Diante de tanta lama que jorra de dentro das entidades esportivas, o assunto passou meio despercebido. Mas será importante a partir de 2016 perceber uma mudança nos jogos dos campeonatos brasileiros das éries A e B e também no Campeonato Paulista. A CBF determinou a padronização no tamanho dos gramados, que terão as medidas utilizadas na Copa do Mundo: 105m x 68m. A Federação Paulista de Futebol determinou o mesmo.

Dos 19 estádios utilizados como principal local do mandante pelos clubes no Brasileirão 2015, nove estavam fora do padrão que será adotado a partir de 2016. A sugestão da padronização foi feita por alguns treinadores, entre eles Levir Culpi, que dirigiu o Atlético Mineiro em 2015. O estádio Independência, utilizado pelo Galo, tem as dimensões que serão obrigatórias em 2016. E não há quem possa duvidar de que estas dimensões são muito amigáveis para o tipo de jogo veloz e intenso do time mineiro.

Quem acompanhou o futebol brasileiro pós-copa de 2014 percebeu claramente como o palco interfere diretamente no jogo dentro de campo. As dimensões mais apertadas, também usadas por exemplo na Premiere League, tornam o jogo mais rápido. A bola corre mais, os espaços são menores, a velocidade, a preparação física e, claro, o entrosamento do time contam muito.

Compare uma partida na Arena Itaquera com outra no Serra Dourada, por exemplo. Estamos falando de um gramado com as dimensões que serão exigidas em 2016 contra outro muito maior: 110m x 75m. São jogos muito diferentes. Um rápido e sem espaço, o outro lento, com espaços generosos.

Isso evidentemente influencia no comportamento de um time em campo. O São Paulo é muito forte no Morumbi porque o seu tipo de jogo, mais cadenciado e de toque de bola, se encaixa bem com o amplo gramado do Morumbi: 108,25m x 72,7m. Com a padronização, esta vantagem tenderá a diminuir e muito.

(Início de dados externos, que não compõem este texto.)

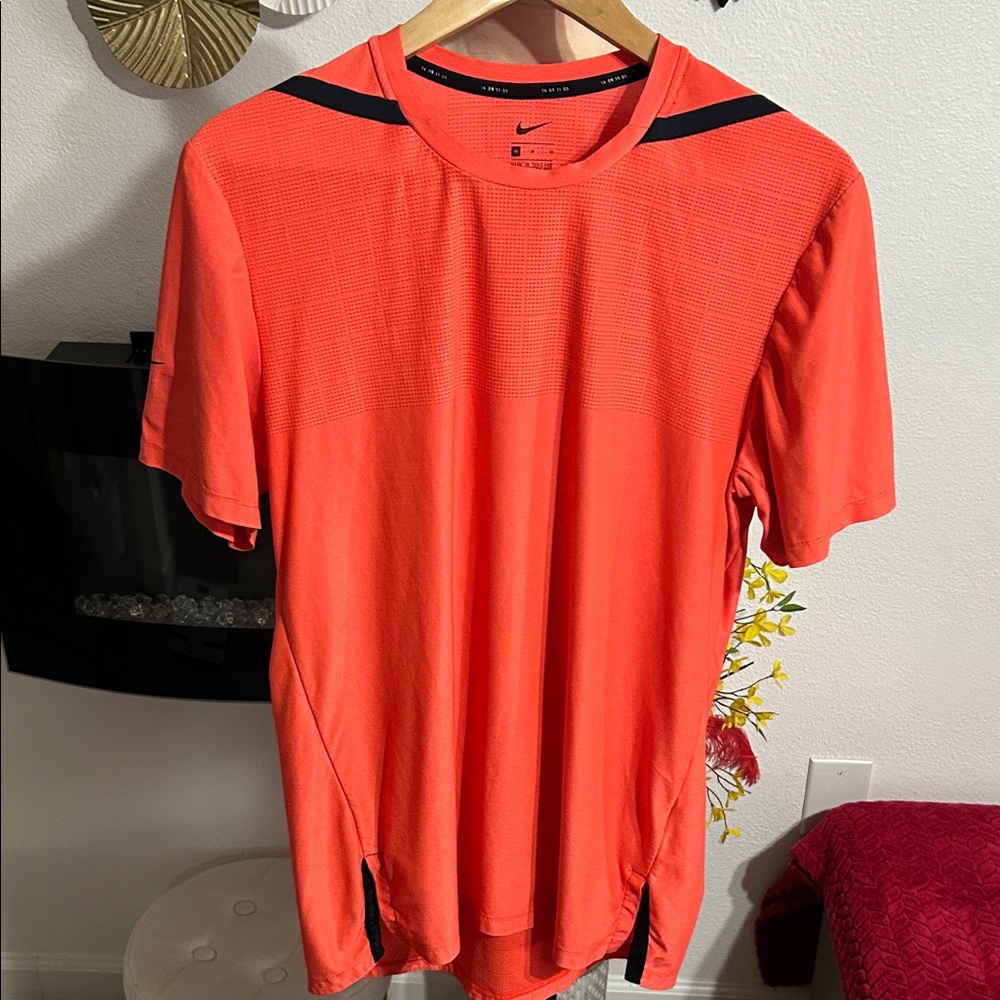 Nike Men's Dress Bright  Silky Orange Short Sleeve Tee 14 09 11 05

Até mesmo a montagem do elenco dos clubes será influenciada por este padrão. Jogadores mais intensos e rápidos terão mais facilidades do que jogadores lentos e que precisam de tempo para pensar o jogo. Não dá para saber se as comissões técnicas e diretorias dos clubes estão pensando isso, mas deveriam. Será um fator importante no desempenho.

Quem é mais velho, tem na memória algumas máximas relativas aos diferentes estádios ao redor do Brasil: o tamanho latifundiário do Serra Dourada (que vimos até este ano), o gramado mais fofo e lento do Mineirão (que não existe mais), os gramados mais pesados e molhados do Sul do país… e por aí vai. Estas características do campo entravam no liquidificador de ingredientes que determinavam o destino de um time em uma partida. Além da força da torcida, jogar em casa também era importante porque havia uma característica do campo que o time anfitrião sabia explorar melhor. Isso vai diminuir.

Verdade que o tamanho do campo não ajudou alguns times em 2016. A Ressacada (105m x 73m) é maior do que o padrão que a CBF quer e o Avaí caiu. E também o Goiás e seu imenso Serra Dourada. Mas o torcedor terá de se acostumar com um tipo de jogo mais padronizado entre os times.

Aquela história de que no campo tal a coisa é difícil pelas dimensões não vai existir mais. Será cada vez mais a organização e o talento da equipe, aliados à força da torcida.